Hoy fue un día en que nada amable sucedió. No hubo incendios de mi piel al lado de la tuya, sino más bien la inquietante sensación de que en la vida que juntos transcurrimos uno de los dos era agua y el otro, tenaz y denso aceite. En tiempos como éstos las palabras abundan y cruzan de mi lado a tu lado sin efecto y sin rastro. De lo dicho sólo permanece el chasquido de las vocales y las consonantes, el sonido del lâtigo inútil, el aire a fieras sueltas e indomables. Múltiples argumentos van y vienen sobre el pasillo oscuro donde alguien cerró todas las puertas.
...Me aterra la idea de años sin alma; años en que el tiempo sea más importante que el hombre y la mujer dentro del tiempo. Sufro ante la posibilidad de que caiga el olvido sobre la calidez sencilla de las pequeñas felicidades cotidianas. Que se pierda en el deslumbre de la máquina la insuperable dulzura de la piel, el mínimo y perfecto cosmos transmitiendo sin mas programa que el de la sangre en las venas, el universo del amor, la furia, la soledad buscando quien la libere del silencio...
El cuerpo no reclama caricias. Se acomoda en la fuente interior. Las ciudades, los parques, las avenidas sombreadas del recuerdo o la imaginación Por allá alguien toca una música melancólica, alborotando el placer de viejos estremecimientos. La presencia del corazón, los pulmones, el hígado,las piernas procura una cierta mansa felicidad. Cuantos años para esto! Cuanto tiempo buscando lo que estaba tan cerca.
A cierta hora del día ciertos días la noción de ser hembra emerge como espuma y sube hacia los contornos de mi cuerpo.
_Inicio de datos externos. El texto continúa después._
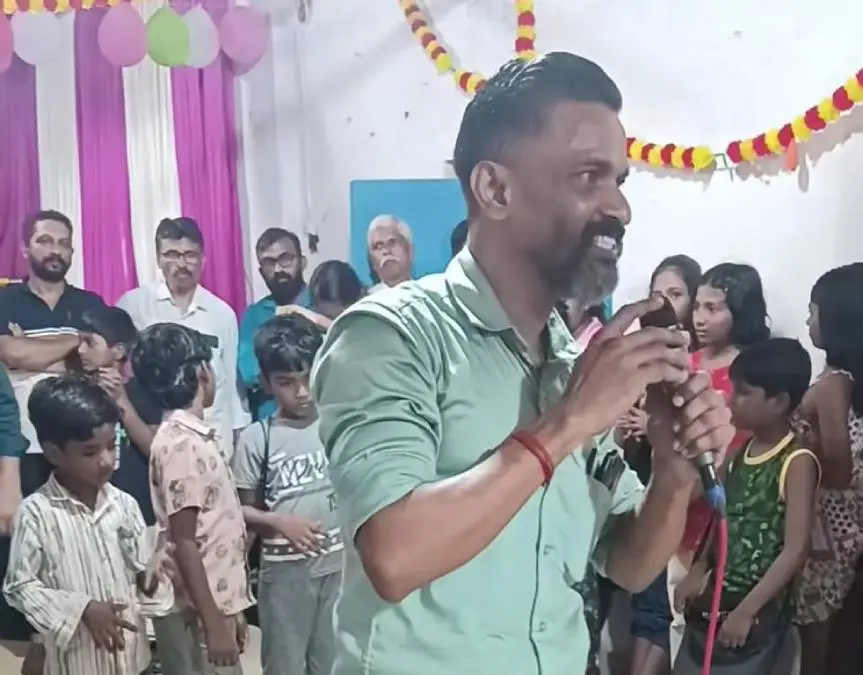 റൈജേഷ് വധശ്രമക്കേസ്: പ്രതികളായ മൂന്ന് സിപിഐഎം പ്രവർത്തകർക്ക് കഠിനതടവ്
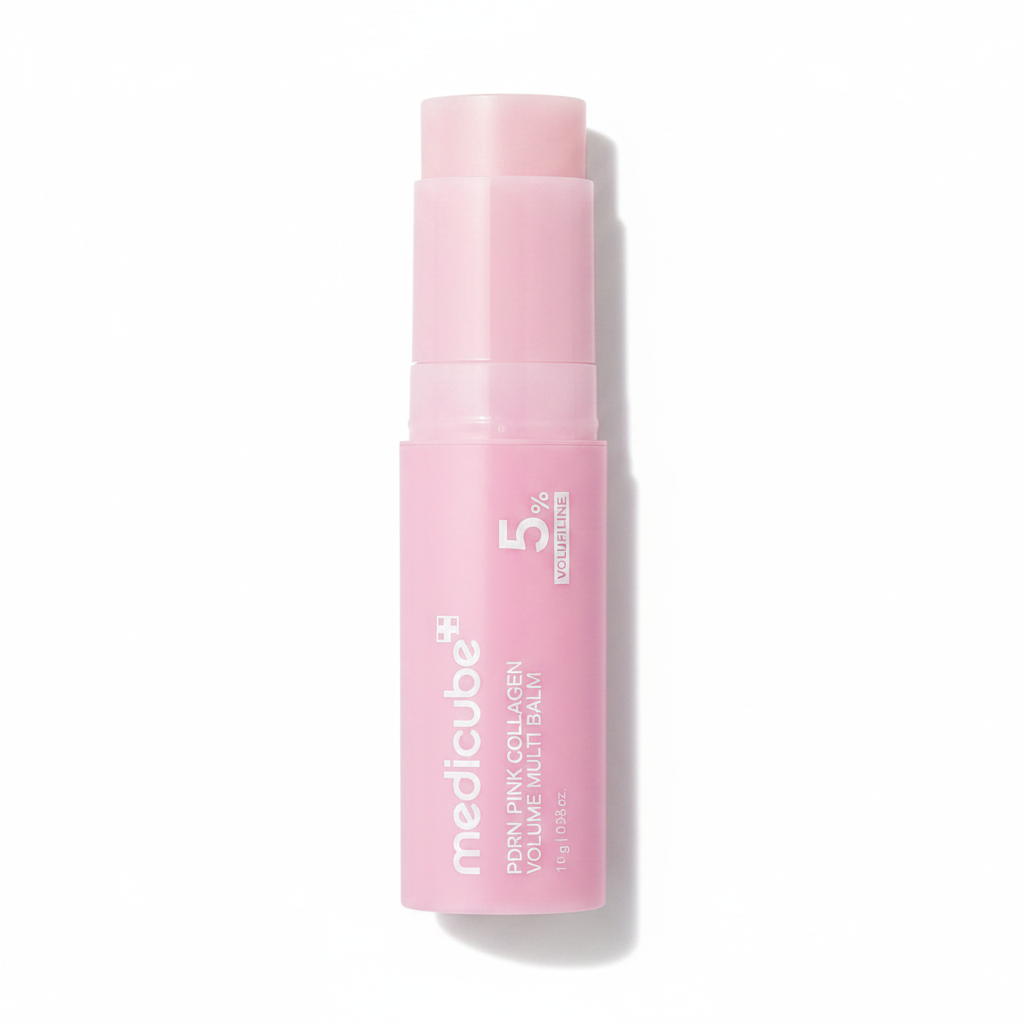Collagen Volufiline Skin Cream Stick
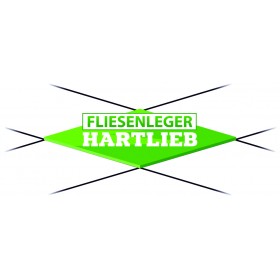 Hartlieb Fliesenleger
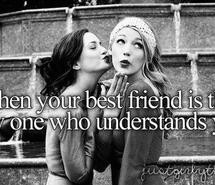 best-friend-friendship-girl-gossip-girl-655679.jpg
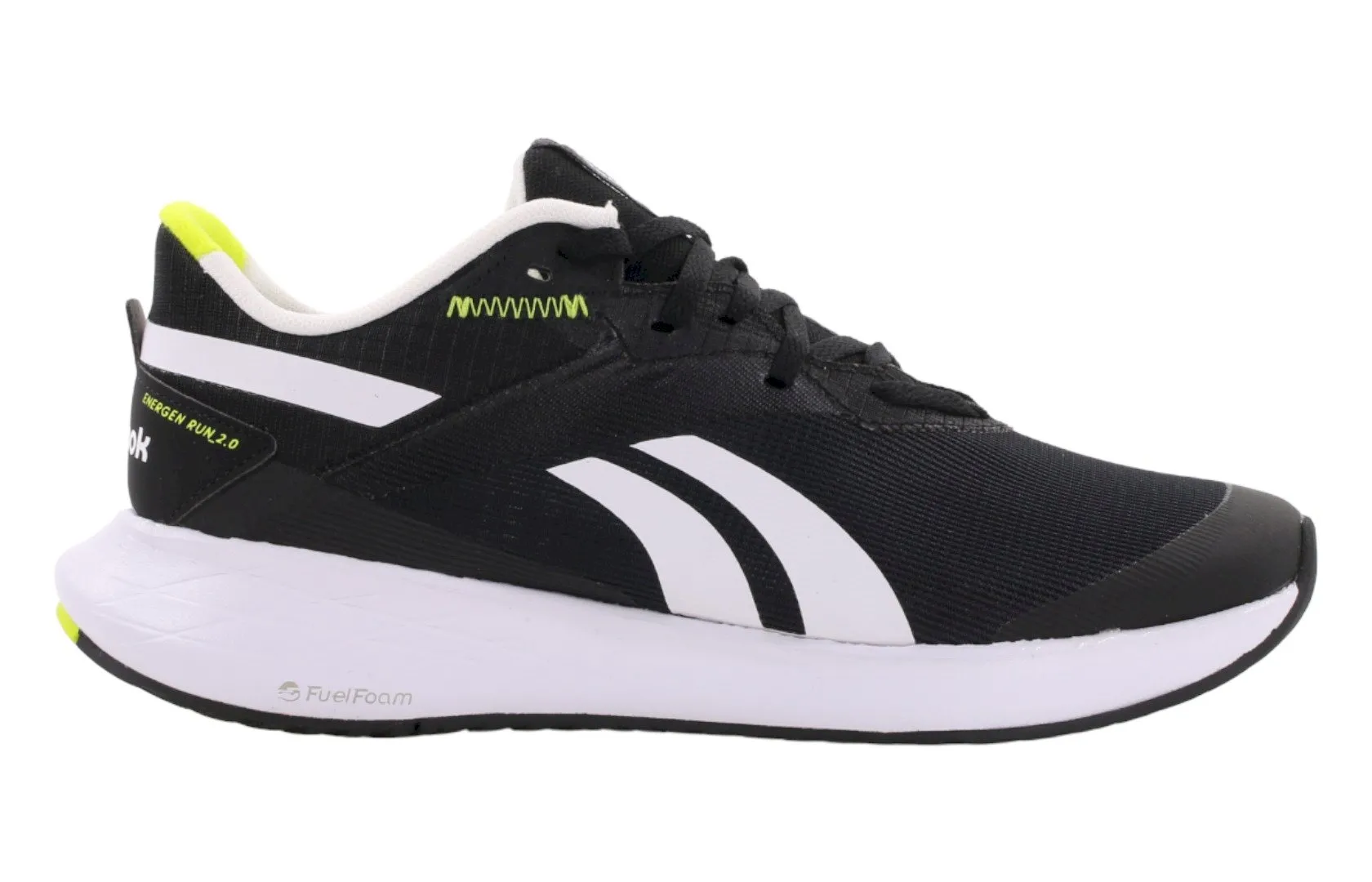 Sapatilhas masculinas Reebok ENERGEN RUN 2 GY1415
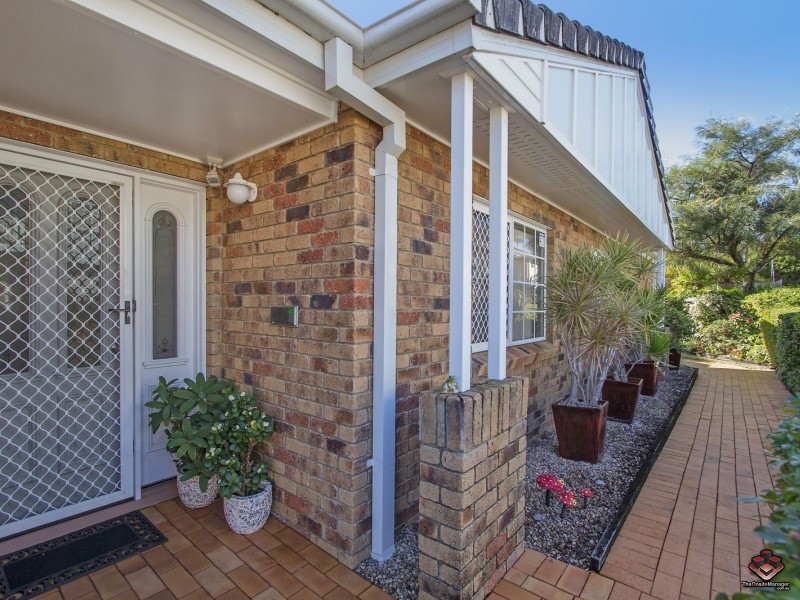 57/46 Albany Creek Road, Aspley QLD 4034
Plexo solar, muslos , brazos se esponjan de una sensualidad que va mucho mas allá del sexo. El regocijo interno, el perfecto balance del alma y el cuerpo me pone en un aire de àguila y paloma desde el que se me otorga percibir la exacta redondez y tersura de las cosas. Desde los tobillos un efluvio circular asciende a los sentidos como si habitada por el antiguo poder de lo femenino dejara de ser yo material y limitada para transmutarme en el ala del ave que, tensando los mùsculos, vuela íngrima y absorta hacia el sol. ¿Quién dijo que soy débil? ¿Quién se atrevió a compadecerme? En esos momentos del impùdico goce de saber qué soy pienso que debería, por decoro, taparme el rostro el brillo sostenido, directo, de los ojos para que ni los hombres, ni los animales domésticos del vecindario intuyendo mi olor a pájara o semilla germinada salieran en pos de mí queriendo poseer la escencia de mi fuerza. Como toda mujer se precia de serlo cierro con un candado de llaves imposibles la secreta noción de mi poder y aparezco ante los demás sin delatarme
No importa si no es hermoso -la fealdad en el hombre puede despertar ciertos atávicos instintos femeninos – pero es esencial que el pecho sea acogedor y que los brazos ofrezcan la promesa de abrazos apretados y tiernos. Vello en el cuerpo o no, es cuestión de gustos. Personalmente los prefiero tapizados, con espacios de sombras oscuras suaves al tacto, y capaces de llenar el olfato con el olor del día a flor de piel. La cintura que se defina, por favor; que no le sobre, ni le falte, que no acuse el descuido del dueño, mas que en ciertas épocas permisibles donde unas libritas demás, son sólo testimonio de amables libaciones. Las manos son definitivas: deben saber detener la cabeza de la mujer con el celo con que el marinero escatima al viento la única lámpara de aceite en medio de la tormenta; ser ágiles como pájaros o cabras de monte, capaces de la forja del hierro, la lágrima, de esculpir los intrincados artesonados del placer. Las piernas también son importantes pero les perdonamos las torceduras, lo tosco, las imperfecciones, si al encontrarnos con la boca vemos una sonrisa en la que poder confiar y unos ojos que nos aseguren la mañana. La espalda masculina debe ser extensa como una pradera por donde puedan pasear los búfalos y los heliotropos, y es fundamental que en las caderas se alcen dos colinas inequívocas, sólidas, que se nos queden prendidas en la memoria cuando el hombre se vuelva para marcharse, alejándose en la noche. La voz que resuene con vibraciones de bajo pero que sepa modular la tensa y dulce melancolía del acordeón, lamentando el fin de la luna en la ventana. El hombre, al fin, ese mítico animal que reinventa siglo tras siglo las quimeras que pueblan las obsesiones femeninas, habrá de conservar, -perdida la absoluta hegemonía – todas aquellas cosas galantes, fuertes, acogedoras, que, a pesar de todos los pesares, lo mantienen sólidamente anclado, en el profundo, incansable mar, de las hembras.